For four summers (2010, ’13, ’15, ’16), Fr. Eugen has been working assiduously on his contribution (Book of Hosea) to the first digital Study Bible. Launched in 2008, “La Bible en ses traditions” (B.E.S.T.) / “The Bible in Its Traditions” continues a long tradition of EBAF, the creator of the first Study Bible, La Bible de Jerusalem (1956), known also as The New Jerusalem Bible.

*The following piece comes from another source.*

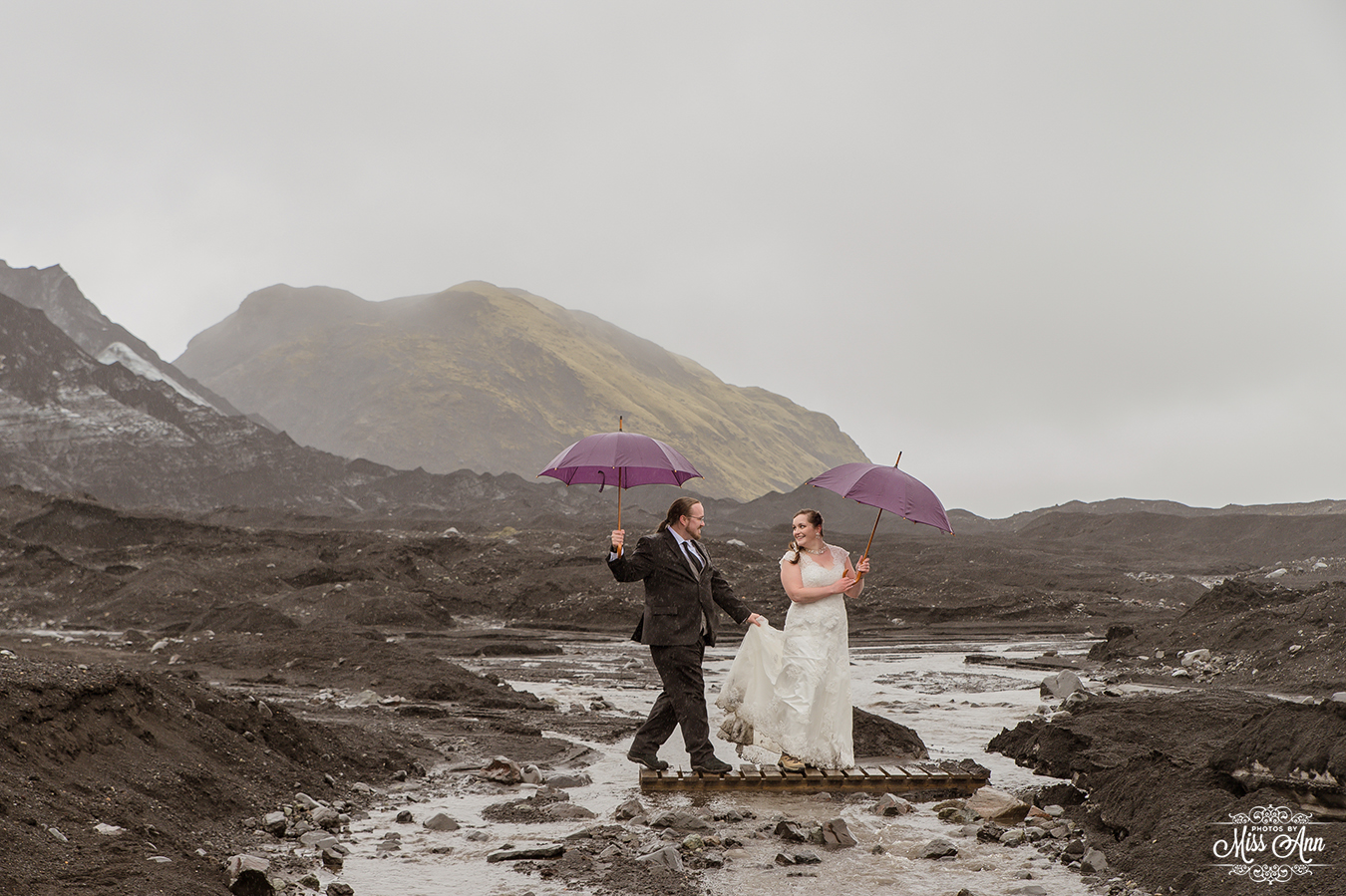 Iceland Glacier Wedding-7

The B.E.S.T. offers the modern reader a new Scripture translation based on Greek (Septuagint), Hebrew (Masoretic Text), Syriac (Peshitta), and Latin (Vulgate) texts, accompanied by a wide array of study notes divided into three sections (text, context, and reception) and covering various interpretive aspects, from textual, lexical, and literary notes to Jewish and Christian (patristic and liturgical) commentaries and theological treatises, reaching as far as modern and secular forms of scriptural usage (e.g., literature, visual arts, music, dance, cinema, etc.).

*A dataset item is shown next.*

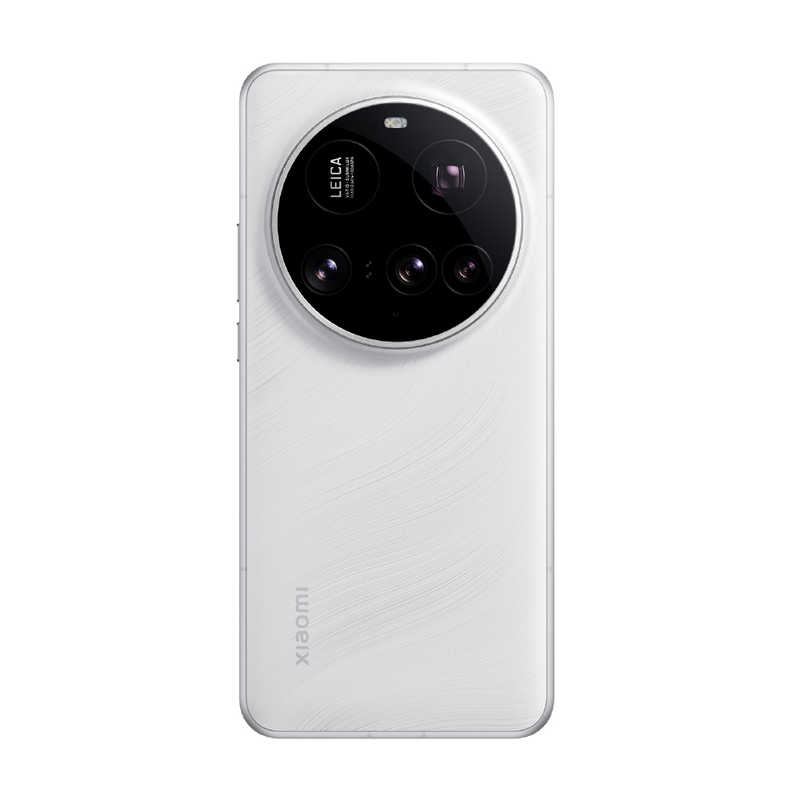 XIAOMI シャオミ XIAOMI シャオミ SIMフリースマートフォン XIAOMI 15 Ultra / Snapdragon 8 Elite / 6.73インチ 16GB+512GB ホワイト MZB0JJYJP MZB0JJYJP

By the end of 2016, Fr. Eugen’s work will be embedded into a pre-designed template on the official B.E.S.T website (www.bibest.org).
Fr. Olivier-Thomas Venard, OP, B.E.S.T. Project Executive Director, acknowledges Fr. Pentiuc’s contribution: “We owe Fr. Eugen a great debt of gratitude for his excellent work on Hosea. Fr. Eugen’s contribution will be published by Peeters and we hope and will do all that is possible for it to be ready for presentation at the 2017 annual meeting of the Society of Biblical Literature (SBL) in Boston.”
Commenting on Fr. Pentiuc’s work, Dean James C. Skedros notes, “We are very proud of Fr. Eugen’s association with B.E.S.T. As an internationally known Orthodox Biblical scholar, Fr. Eugen’s work on Hosea will not only make an important contribution to biblical scholarship and reception history, but will also bring honor and recognition to Holy Cross and to Orthodox biblical scholarship.”